With the deportation and deaths of many within the native population, including tribal and community leaders, the social and religious system disintegrated, leading to internal strife and tribal fighting. It is this fighting, combined with the deaths and deportation of 1000-1400 people that Peiser argues was the cause of societal collapse and starvation. He maintains that there is no reason to believe that Easter’s civilization could not have adapted and survived to an environment devoid of large timber, however what they could not have adapted and survived was the ‘systematic destruction of their society, their people and their culture’. Essentially, it wasn’t suicide by the native people themselves, but rather genocide by whalers, colonists and slave-raiders.  He concludes with a quote from Rainbird (2002):

‘Whatever may have happened in the past on Easter Island, whatever they did to their island themselves, it totally pales in insignificance compared to the impact that was going to come through Western contact’

However, there are a couple points on Peiser’s article that I would like to draw attention to:
  1. He spends the majority of his article picking apart Diamond’s ‘ecocide’ theory, claiming that it is not the real cause behind Easter’s collapse. His main line of argument to support this is that Diamond has very little archaeological and palaeological evidence, with statements like ‘Diamond’s methodological approach suffers from a manifest lack of scientific scrutiny. Instead of weighing up and critically assessing the quality, authenticity and reliability of the data he employs to support his arguments, he consistently selects only data and interpretations that seem to confirm his conviction that Easter Island self-destructed.’ This claim is not new (many scholars have questioned Diamond’s lack of evidence), however Peiser seems to do exactly the same as Diamond later on in his article as he uses no scientific evidence to prove his assertion that Western contact was the cause of Easter’s collapse, and makes statements such as ‘It is believed (but by no means certain) that almost 90% died in the following weeks and months of diseases and malnutrition’. Essentially (in my opinion), he seems determined to pick apart Diamond’s theory, before collecting solid scientific evidence to prove his theory.
  2. He states that Easter’s population collapse occurred in 1864, however Roggeveen’s observations from 1722 suggested that Easter’s collapse had already happened by the time he arrived, and this is supported by numerous lines of scientific evidence (Flenley and Bahn 2003)

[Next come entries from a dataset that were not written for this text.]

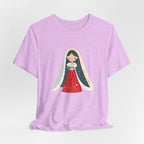 Virgin Mary Illustration Tee — Cute Nativity T-Shirt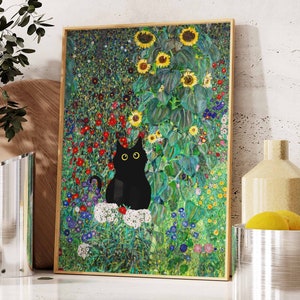 黒猫アート、グスタフ・クリムトの庭の猫のプリント、クリムトの花猫のポスター、花柄プリント、面白い猫のプリント、面白いギフト、ホームデコレーションポスター PS0538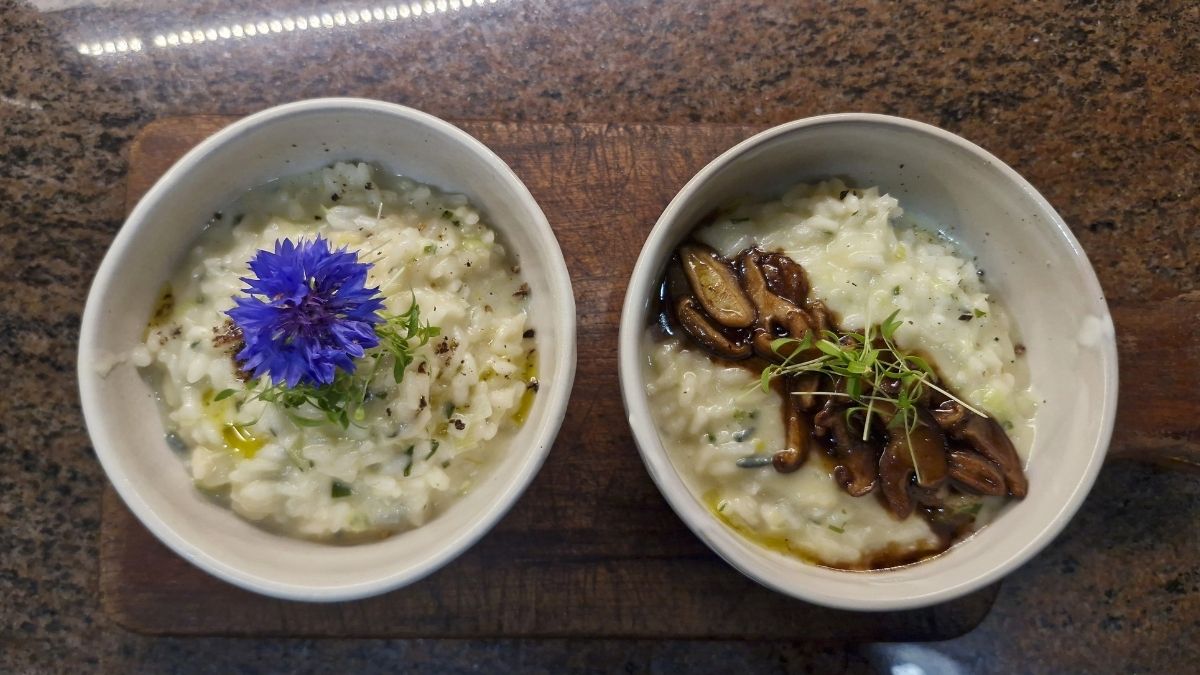 Risoto de gorgonzola com shiitake e toque agridoce encanta em Nova Friburgo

However, Hunt and Lipo (2007, 2009) provide a more solid argument backed by evidence for Western contact as the cause of collapse. They argue that demographic collapse likely began as a consequence of Old World diseases, rather than the murder, rape and mass deportation that Peiser maintains (however, these did still have some impact on Easter’s population). The first wave of epidemics occurred with the arrival of the Dutch in 1722, then with the Spanish in 1770 and the English in 1774. Slave trading, more epidemics and other devastating blows from colonialism then hit the population. However, they contest the arguments made by Flenley and Bahn, and Diamond that Easter’s population collapsed pre-European arrival, simply stating that there is no existing evidence for a pre-European contact population collapse, and that a per-contact demographic collapse remains untested and undemonstrated archaeologically. Rather, the impact of historic slave trading, epidemic diseases, intensive sheep ranching and tragic population collapse has been recognized for a long time.

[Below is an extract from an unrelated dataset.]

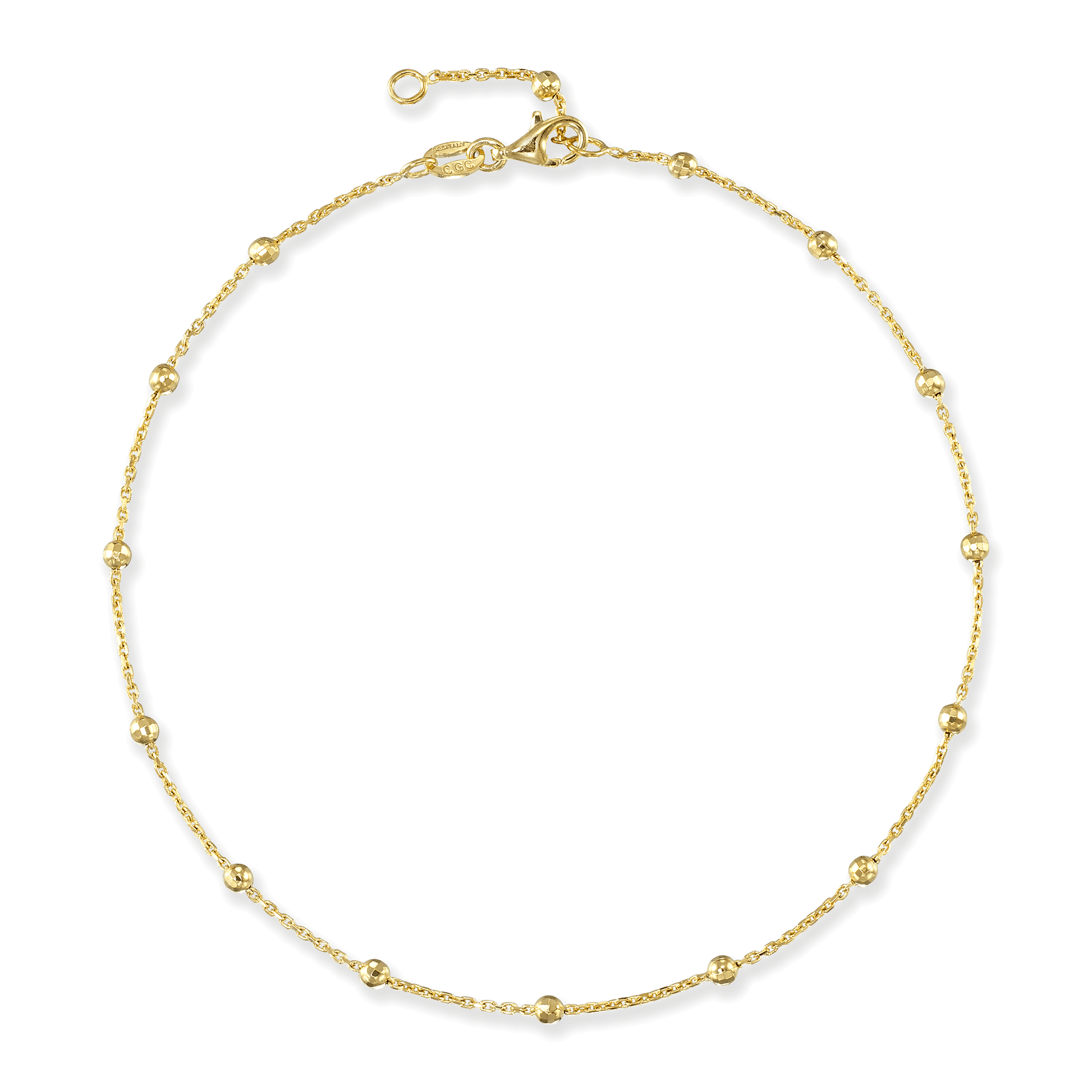 Stellari Gold Saturn Disco Bead Anklet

It is clear from this to see two very opposing sides to the Easter Island mystery with respect to Western contact. While one side argues that there is much evidence for pre-contact population collapse (Diamond, Flenley and Bahn), the other side argues there is no evidence for pre-contact collapse (Rainbird, Peiser, Hunt and Lipo), the quality of archaeological and palaeological evidence on Easter Island is not of good enough quality to prove either argument. European arrival on Easter Island had a clear impact on the population of Easter, however the argument is whether the population was already in decline as a result of population expansion, deforestation and resource exploitation.